Article Overview: Lamar Valley (Yellowstone National Park)
Known as America’s Serengeti, Lamar Valley is a world class wildlife viewing destination located in Yellowstone National Park. In the Lamar Valley you’ll find bison, elk, pronghorn, grizzly bears, moose and the valley’s most iconic animal, wolves.
Seeing a wolf in the Lamar Valley is on many a national park fan’s bucket list (it was on mine for a long time until my first sighting a few years ago).
While these animals are not always easy to spot there are certain locations and techniques to know about that will definitely improve your odds of seeing one.

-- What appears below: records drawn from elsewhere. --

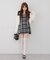 【Tweed Collection】肩リボンミニジャンスカ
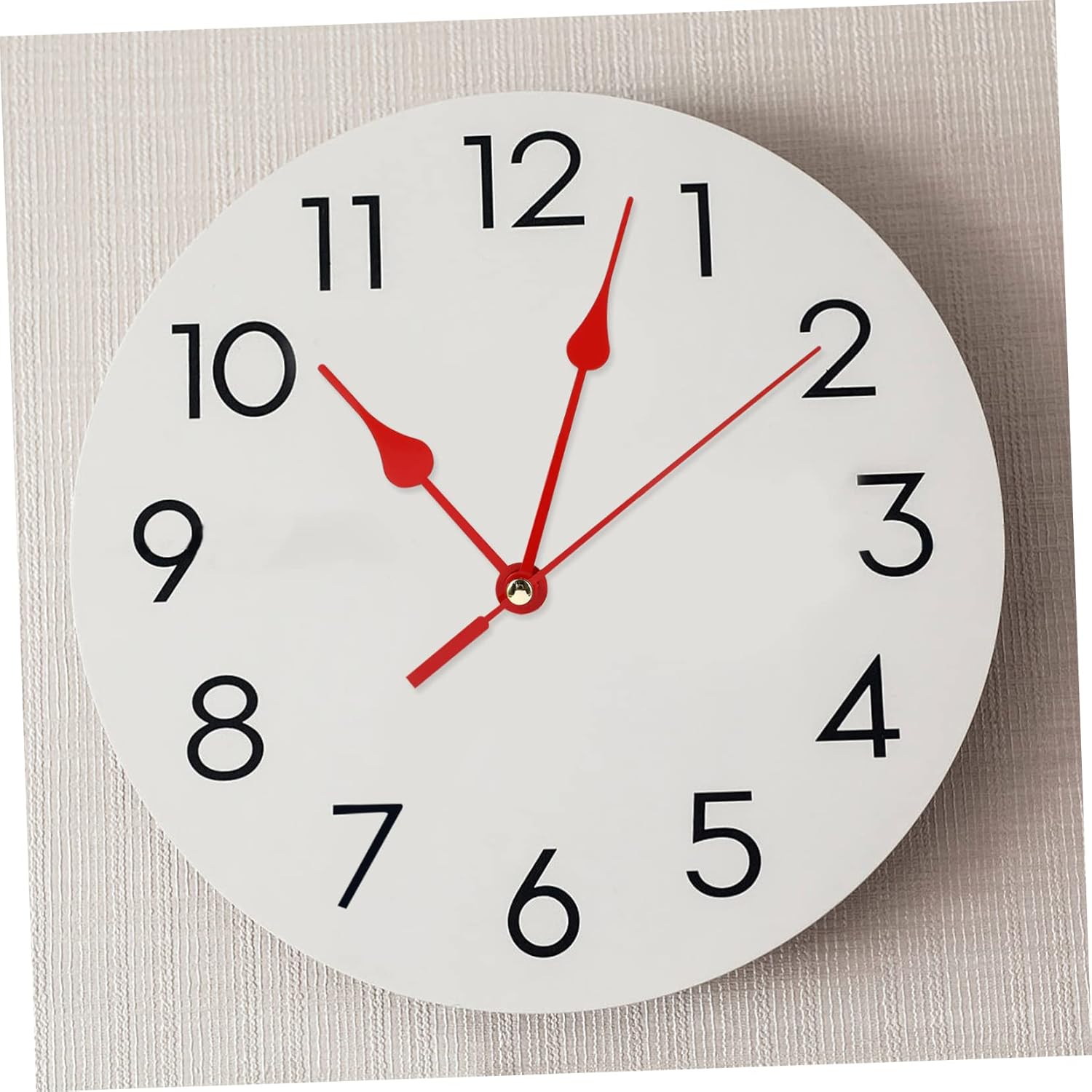 Simple Red Quartz Clock Movement with No Battery Required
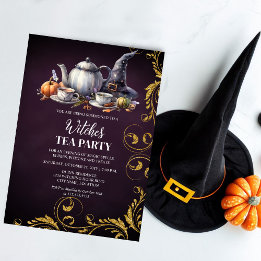 Witches Tea Party Inbjudningar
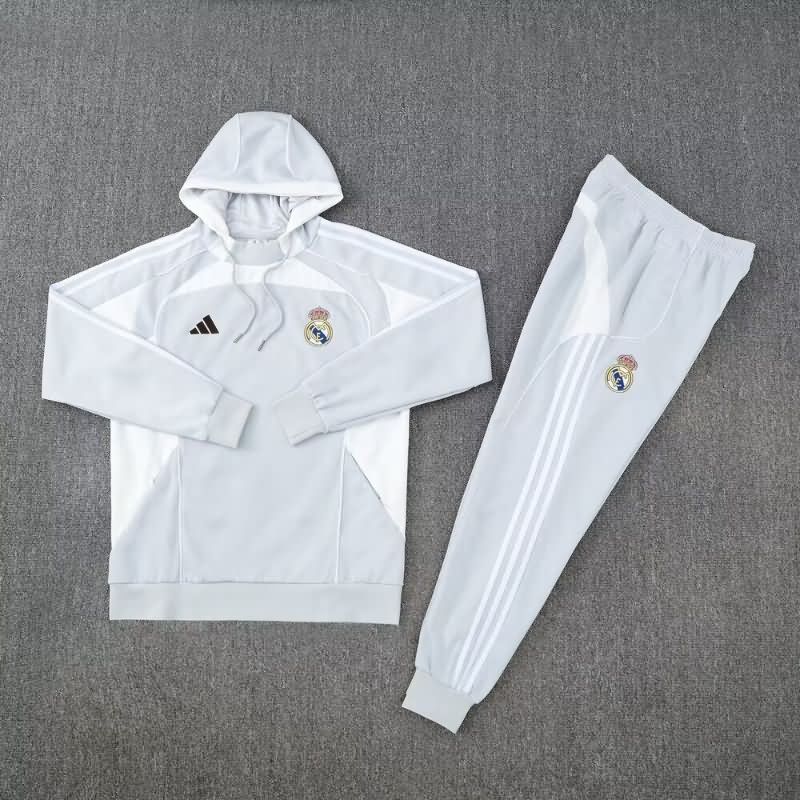 AAA Quality Real Madrid 25/26 Grey Soccer Tracksuit AAA Quality Real Madrid 25/26 Grey Soccer Tracksuit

In this brief article I’ll go over all the highlights you should see and know about in the Lamar Valley including:
- Where to spot wolves in the Lamar Valley
- A map of the Lamar Valley
- Best practices for touring the Lamar Valley
- Wildlife in Lamar Valley
- Best hikes in the Lamar Valley
- and more
Ready to get started? Let’s go!
The Lamar Valley: Table of Contents
The Lamar Valley: Table of Contents
- About Our Travels to the Lamar Valley
- Things to Know Before You Visit the Lamar Valley
- The Lamar Valley
- Lamar Valley Yellowstone Map
- Basic Information About the Lamar Valley
- Wolves in the Lamar Valley
- Visiting the Lamar Valley
- 5 Best Things to Do in Lamar Valley Yellowstone
- Where to Stay in the Lamar Valley
- Interactive Map of the Lamar Valley
About Our Travels to the Lamar Valley
Though More Than Just Parks has yet to make a film on Yellowstone’s Lamar Valley, I have visited the area many times over the years.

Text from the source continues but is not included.